However, I also know that AWWA Manual (of Water Supply Practices) M23, "PVC Pipe - Design and Installation" on the other hand says 18-20 inch casing pipe is "Recommended" for 12" pvc pipe.
For whatever it is worth, I believe the AWWA Manual M41 or C600 standard guidelines talking about casings for 12" ductile iron pipe (and as approved by other committees etc.) does in effect direct one to use ~24" casing pipe.

 

[cvg]

first, these (AWWA) requirements are for minimum casing sizes - many agencies have discovered that larger casings are better for a variety of reasons.

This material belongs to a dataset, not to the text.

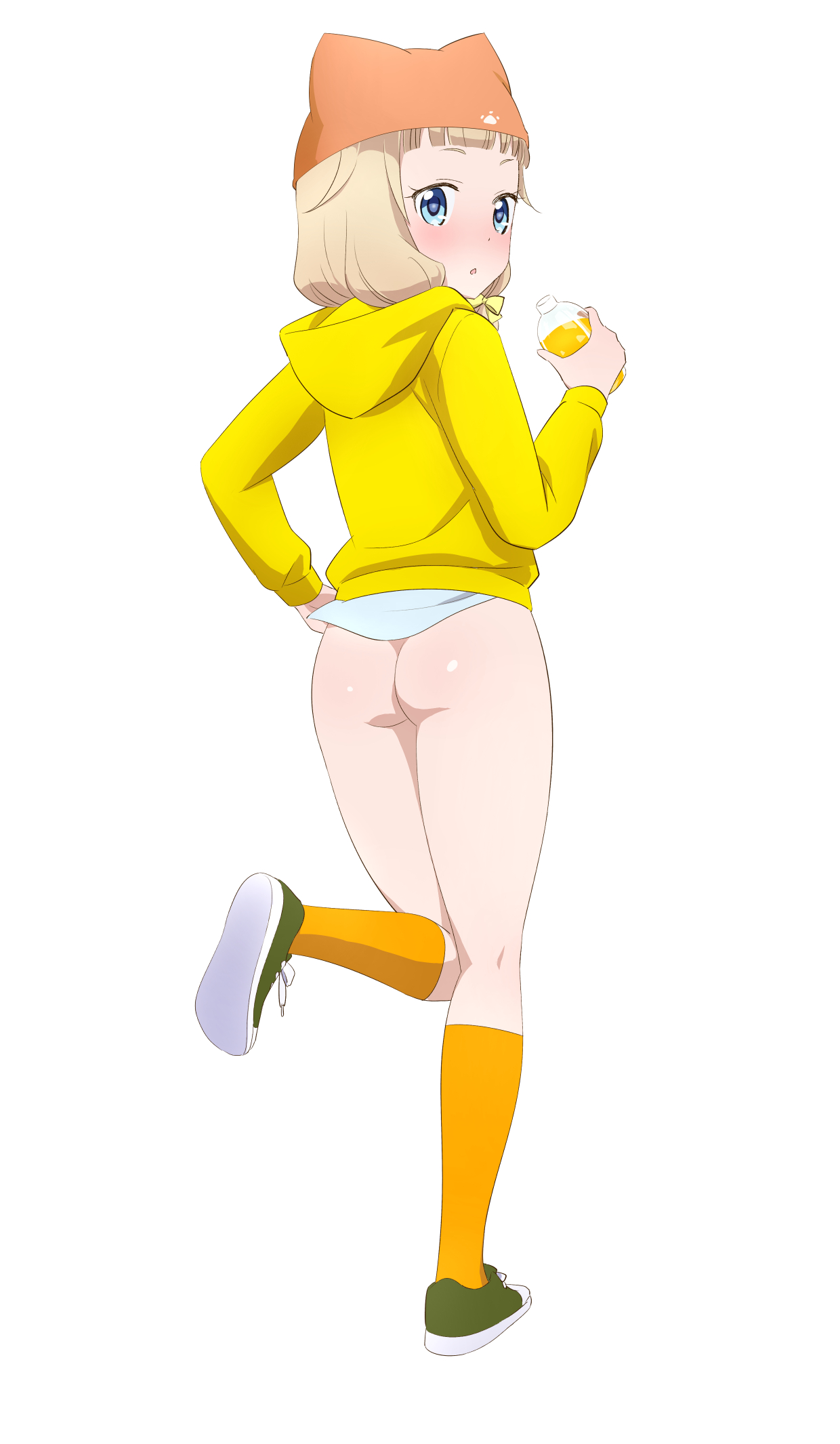 komatsu (sakanae), sakura nene, new game!, commission, highres, pixiv commission, 1girl, 2025, ass, back, blonde hair, blue eyes, blush, bottomless, bow, green shoes, hair bow, hair ornament, hat, holding, hood, hoodie, looking at viewer, no panties, orange hat, shoe soles, shoes, short hair, solo, standing, standing on one leg, thighhighs, thighs, white background, yellow hoodie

second, precise alignment and slope is not as important with pressurized waterlines as is presumed to be the case with the AWWA guidelines. Slope is much more critical in gravity lines which either requires greater accuracy on the casing pipe, or some means to adjust the slope on the carrier pipe to meet the designers requirements for slope.

According to our local standards, the "minimum" casing size for the 12" pvc would be closer to 28" which accounts for the pipe wall thickness and the thickness of the bell and spigot joints.

 

[rconner]

I think we are all in agreement that what you are saying is pretty much understood, but while not speaking to any wisdom of the guidance the word "Minimum" does not now appear in the Table 7-1 of "Recommended..." casing sizes for various size pvc pipes in AWWA M23. Incidentally, I suspect larger casing sizes are probably also most helpful (as long as the pipes are not grouted in!) if in the future someone wants to remove and/or upsize the line!

 

[itsleighton]

Just to give those who were curious an update-- we potholed the casing in different spots and took shots. The casing is straight- horizontally and vertically-- We cut into the casing and it had filled up with water causing the pipe to float- when we cut it, the water flowed out and the pipe dropped- the manhole is now flowing at the correct speed and depth.

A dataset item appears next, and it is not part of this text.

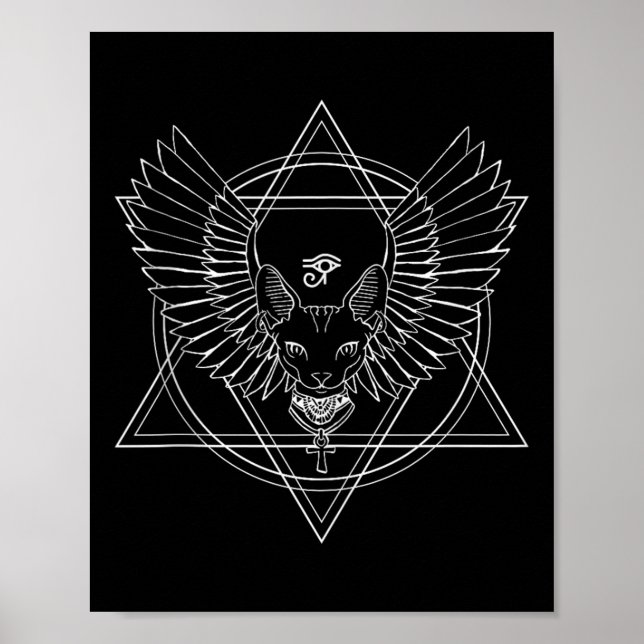 Poster Olhos De Coro Egípcios E Gatos Com Tanque De Asas  (Frente)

I appreciate the insight. Even though the points some made were not the case, I will keep them in mind next time we are told to do a bore that long with that size casing and carrier pipe type. Again-- thanks for your replies and interest.

 

[bimr]

I am glad to see that your situation worked itself out.

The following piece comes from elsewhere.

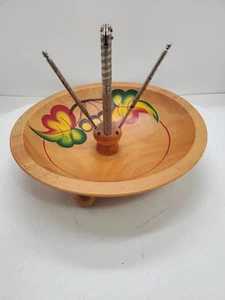 Painted Wood 3 Footed Nut Bowl Set 2 Picks & Cracker Leaves Acorns Colorful Vtg - Picture 1 of 8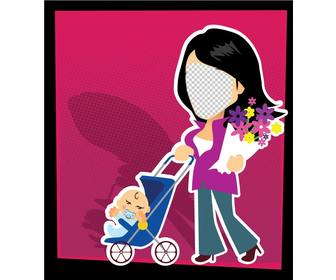 cartão do dia das mães com um estilo desenho animado editar ideal fotomontagem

However, it is still somewhat surprising to hear that the casing is straight horizontally and vertically over that distance. Must be an excellent Contractor.

Also, how do you plan to keep the pipe centered in the casing when it fills up with water again?

 

[semo]

I've always understood that the minimum casing ID was to provide 2" clearance all around the maximum diameter of the carrier pipe. That is minimum and works fine on waterline; but, I think it smart to use larger casing on a sloped pipe in case the casing is not installed correctly.

I too am glad it worked out without considerable expense.

Towards Bimr's last post, we had older designs which called for the void between the carrier and casing to be filled with sand. A sand blaster hose can be pushed into the void to the center, sand blown and the hose pulled out as the void fills. The ends were then grouted closed.

Newer designs use casing spacers spaced appropriately to prevent the pipe from floating or sagging then end seals used at the ends. Sounds like the spacers were inadequate in number or were cut at the top allowing part of the pipe to float up unevenly. I would fill the void with sand to prevent the pipe from floating again. Sand is easier to remove with a vac truck than grout is.

 

[rconner]

While I was not involved in deliberations that I suspect went on and that probably involved much thought concerning many design, installation, and maybe even future aspects (and likely based on some user experience existing even before that time with gray cast iron and ductile cast iron water pipelines), for whatever it is worth I believe however that consensus AWWA standard C600 and subsequent AWWA manual M41 for ductile iron pipe along with some other guidance for such installations have contained the wording, “The casing pipe should be 6–8 in. (150–200 mm) larger than the outside diameter of the ductile-iron pipe bells.” [This would appear at least to allow the user of ductile iron piping to sort of base the sizing on the actual ductile iron pipe and joint etc. they are e.g. asking the Contractor to push or pull etc. through the casing on that specific job.] Special structures that ductile iron pipelines could be run through can of course theoretically be some smaller, and obviously can be even very much larger, witness “pipe galleries” in plants etc., utility corridors, or “utilidors” etc. where that is desired for whatever purposes of installation, maintenance, or future expansion etc., provided the pipes are sufficiently supported/fastened/restrained etc. for such passages.

With regard to putting “sand” around a pipe in a casing, I believe this has been done many times over the years at least with iron piping, and I wonder incidentally if in some cases when this is used if it might even be possible once any end bulkheads are removed to in effect “wash” the sand out one end with a simple water hose (I guess that might be easiest facilitated if there were a slight design vertical slope to the casing, at least if that were feasible for the pushing/guidance operation of the casing etc.) if this were desired for any future maintenance or upsizing etc.?